Adding esteemed Silicon Valley VC firm Sequoia Capital to its roster of investors is a major scoop considering its previous investments in the devops space, which include GitHub (acquired by Microsoft for $7.5 billion), Altiscale (acquired by SAP), MongoDB (IPO), Unity (IPO), and Docker. And that’s not to mention its long history of investments in game-changing companies such as Apple, Google, Airbnb, and PayPal. Other investors in this round include Goldcrest Capital, Craft, Redpoint, and Felicis Ventures, with Sequoia partner Andrew Reed now joining Sourcegraph’s board of directors.
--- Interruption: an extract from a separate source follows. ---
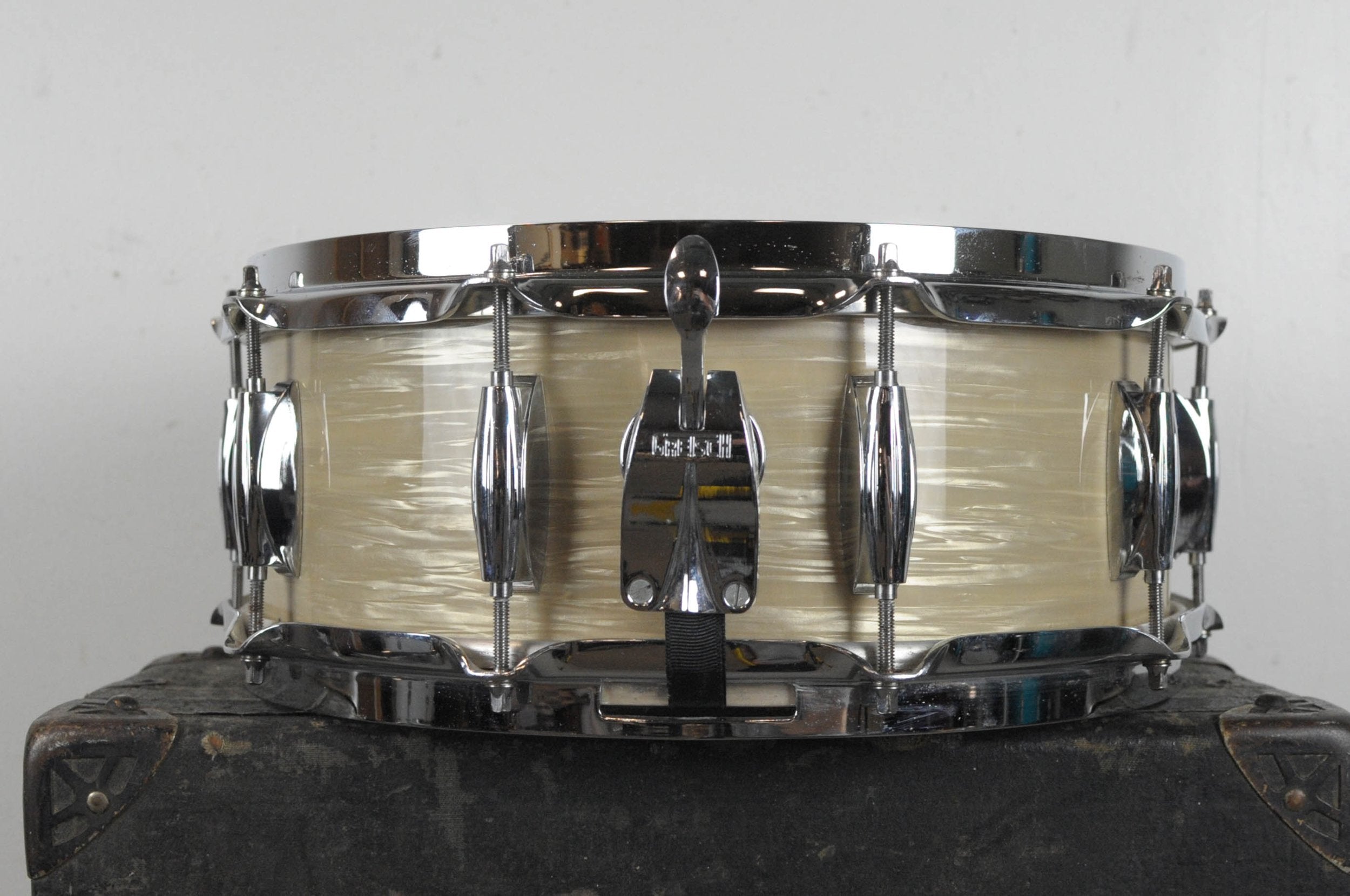 Gretsch Brooklyn 5.5x14 Creme Oyster Snare Drum – Hawthorne Drum Shop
While parallels can be drawn to the big data revolution that helped enterprises benefit from myriad new types of applications, the “big code revolution” feels like it’s still in its relative infancy. Indeed, AI and machine learning are now crucial components of big data applications such as cybersecurity software, and this is something that will likely creep into Sourcegraph’s platform to enable new kinds of applications built around universal code search. “Stay tuned” was Slack’s response to his company’s plans on this front.

“Most companies’ code is scattered across a lot of different systems, and Sourcegraph is becoming the one place where it’s all accessible inside of a company,” he added. “That’s a prerequisite for doing machine learning or AI on code. That said, Sourcegraph is an on-premises product — companies keep full control over their code, and will pilot the progress of this development.”